In CARSON MCCULLERS: A LIFE, Josyane Savigneau gives us at last a truly popular biography of one of America's greatest women novelists. Carson McCullers's life story rivals the plot of any of her novels. A brilliant, sensitive artist who had a painful small-town childhood in the South and early international success, she was crippled by a mysterious disease in early adulthood. A woman who composed the most romantic of letters, she struggled to find lasting happiness with her husband, Reeves, whom she married twice. Carson wrote often of the loneliness of the human condiiton, and yet she surrounded herself with a constellation of witty, always entertaining celebrities: Tennessee Williams, Truman Capote, Katherine Anne Porter, Richard Wright, John Huston, and Edward Albee, among others.

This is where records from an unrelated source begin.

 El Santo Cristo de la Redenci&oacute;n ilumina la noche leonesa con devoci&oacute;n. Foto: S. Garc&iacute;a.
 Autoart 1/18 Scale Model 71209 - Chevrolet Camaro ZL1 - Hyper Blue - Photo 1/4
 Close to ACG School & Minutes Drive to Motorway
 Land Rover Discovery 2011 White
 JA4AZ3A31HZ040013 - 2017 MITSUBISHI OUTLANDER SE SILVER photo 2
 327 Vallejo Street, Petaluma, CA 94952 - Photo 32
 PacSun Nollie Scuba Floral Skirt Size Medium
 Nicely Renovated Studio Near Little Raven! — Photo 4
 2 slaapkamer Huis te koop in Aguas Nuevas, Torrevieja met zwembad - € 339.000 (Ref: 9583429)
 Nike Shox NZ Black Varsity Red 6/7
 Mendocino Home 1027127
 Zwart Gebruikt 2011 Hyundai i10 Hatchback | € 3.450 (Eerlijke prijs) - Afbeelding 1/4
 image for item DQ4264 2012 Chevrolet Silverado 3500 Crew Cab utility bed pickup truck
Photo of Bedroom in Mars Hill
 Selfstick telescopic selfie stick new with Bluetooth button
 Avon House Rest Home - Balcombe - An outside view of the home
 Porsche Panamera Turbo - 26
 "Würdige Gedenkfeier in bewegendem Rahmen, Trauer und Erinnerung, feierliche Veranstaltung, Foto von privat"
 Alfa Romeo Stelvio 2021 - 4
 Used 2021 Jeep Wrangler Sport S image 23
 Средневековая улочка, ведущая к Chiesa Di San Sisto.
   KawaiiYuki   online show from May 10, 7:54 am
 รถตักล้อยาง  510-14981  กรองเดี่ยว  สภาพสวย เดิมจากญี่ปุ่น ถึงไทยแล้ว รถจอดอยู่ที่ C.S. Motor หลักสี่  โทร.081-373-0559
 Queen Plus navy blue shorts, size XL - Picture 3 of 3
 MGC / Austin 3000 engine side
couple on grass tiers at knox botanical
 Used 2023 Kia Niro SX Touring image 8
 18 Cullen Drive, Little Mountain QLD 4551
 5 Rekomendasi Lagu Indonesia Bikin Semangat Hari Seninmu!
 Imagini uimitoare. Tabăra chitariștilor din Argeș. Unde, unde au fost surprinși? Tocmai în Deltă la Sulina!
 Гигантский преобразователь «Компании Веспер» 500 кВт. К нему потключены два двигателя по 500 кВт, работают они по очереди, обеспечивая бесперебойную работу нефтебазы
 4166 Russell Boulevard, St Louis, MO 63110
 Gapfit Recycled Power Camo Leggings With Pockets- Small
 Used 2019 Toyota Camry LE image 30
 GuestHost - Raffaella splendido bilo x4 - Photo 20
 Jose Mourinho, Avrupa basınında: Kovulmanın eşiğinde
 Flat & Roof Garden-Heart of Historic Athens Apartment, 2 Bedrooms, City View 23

The first biographer to have the full cooperation of the McCullers esate, Josyane Savigneau has uncovered the private Carson McCullers, a woman who never really grew up yet was always seductive, a woman whose candor and immense emotional needs sometimes overshadowed her great charm, generosity, loyalty, humor, and deep intelligence. Above all, Carson was a life force, a person who needed to write and who did so despite great physical pain, up until the very end. Published to rave reviews in France, this passionate biography is one that "must [be] read . . . to measure the full extent of McCullers's torment and her determination to overcome her suffering" (L'EXPRESS).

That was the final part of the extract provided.